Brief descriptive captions
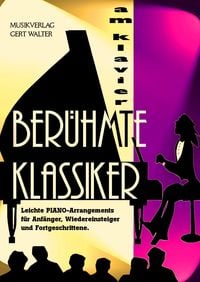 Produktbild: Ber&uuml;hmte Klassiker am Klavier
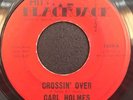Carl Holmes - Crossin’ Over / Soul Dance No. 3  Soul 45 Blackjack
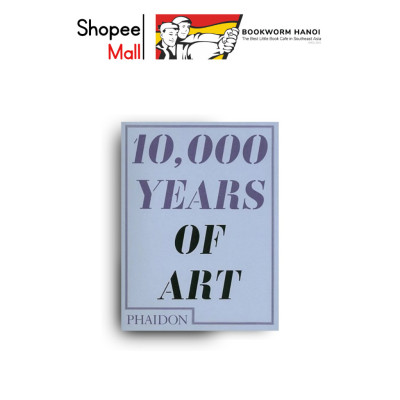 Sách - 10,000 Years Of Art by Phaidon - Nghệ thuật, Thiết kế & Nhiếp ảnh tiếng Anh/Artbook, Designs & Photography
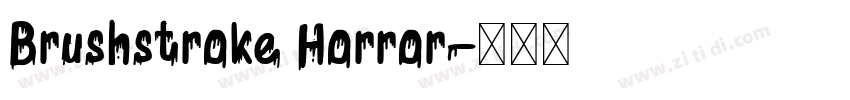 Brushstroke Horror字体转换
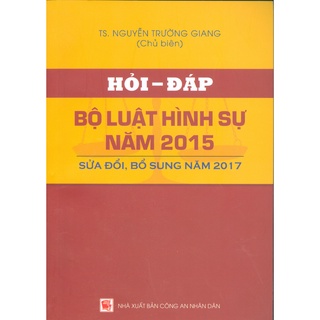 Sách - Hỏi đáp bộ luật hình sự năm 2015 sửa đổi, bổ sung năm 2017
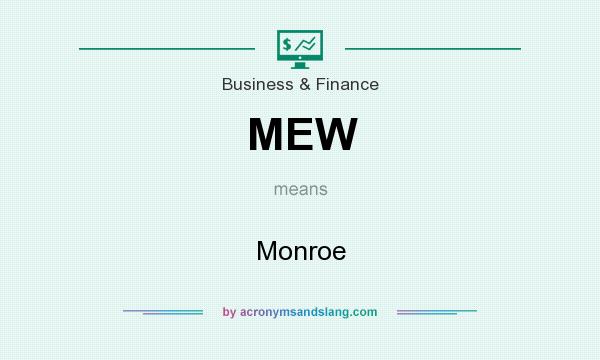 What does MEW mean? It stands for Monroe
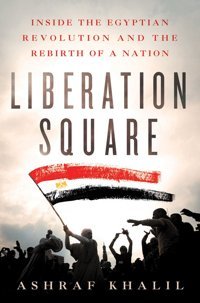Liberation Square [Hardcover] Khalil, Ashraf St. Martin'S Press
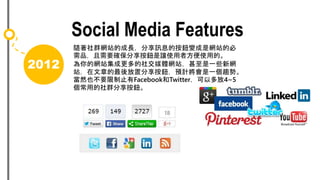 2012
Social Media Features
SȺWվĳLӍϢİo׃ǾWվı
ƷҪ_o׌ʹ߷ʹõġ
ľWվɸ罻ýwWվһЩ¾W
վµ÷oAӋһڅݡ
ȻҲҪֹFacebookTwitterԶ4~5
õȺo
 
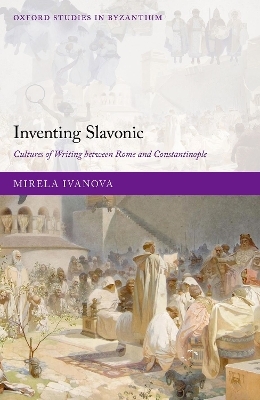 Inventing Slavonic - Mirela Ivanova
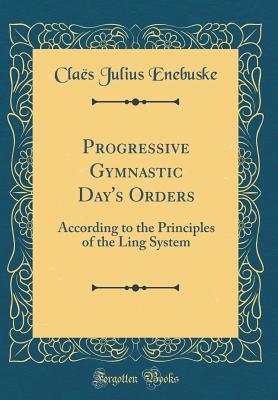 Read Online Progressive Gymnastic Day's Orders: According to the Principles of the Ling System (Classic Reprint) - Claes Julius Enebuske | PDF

**PROBLEM TO SOLVE**
Nothing but the lines from the line containing "What does MEW mean? It stands for Monroe" through the last line of the records above should be written out, exactly and without the pictures.

**ANSWER**
 What does MEW mean? It stands for Monroe
Liberation Square [Hardcover] Khalil, Ashraf St. Martin'S Press
 2012
Social Media Features
SȺWվĳLӍϢİo׃ǾWվı
ƷҪ_o׌ʹ߷ʹõġ
ľWվɸ罻ýwWվһЩ¾W
վµ÷oAӋһڅݡ
ȻҲҪֹFacebookTwitterԶ4~5
õȺo
 
 Inventing Slavonic - Mirela Ivanova
 Read Online Progressive Gymnastic Day's Orders: According to the Principles of the Ling System (Classic Reprint) - Claes Julius Enebuske | PDF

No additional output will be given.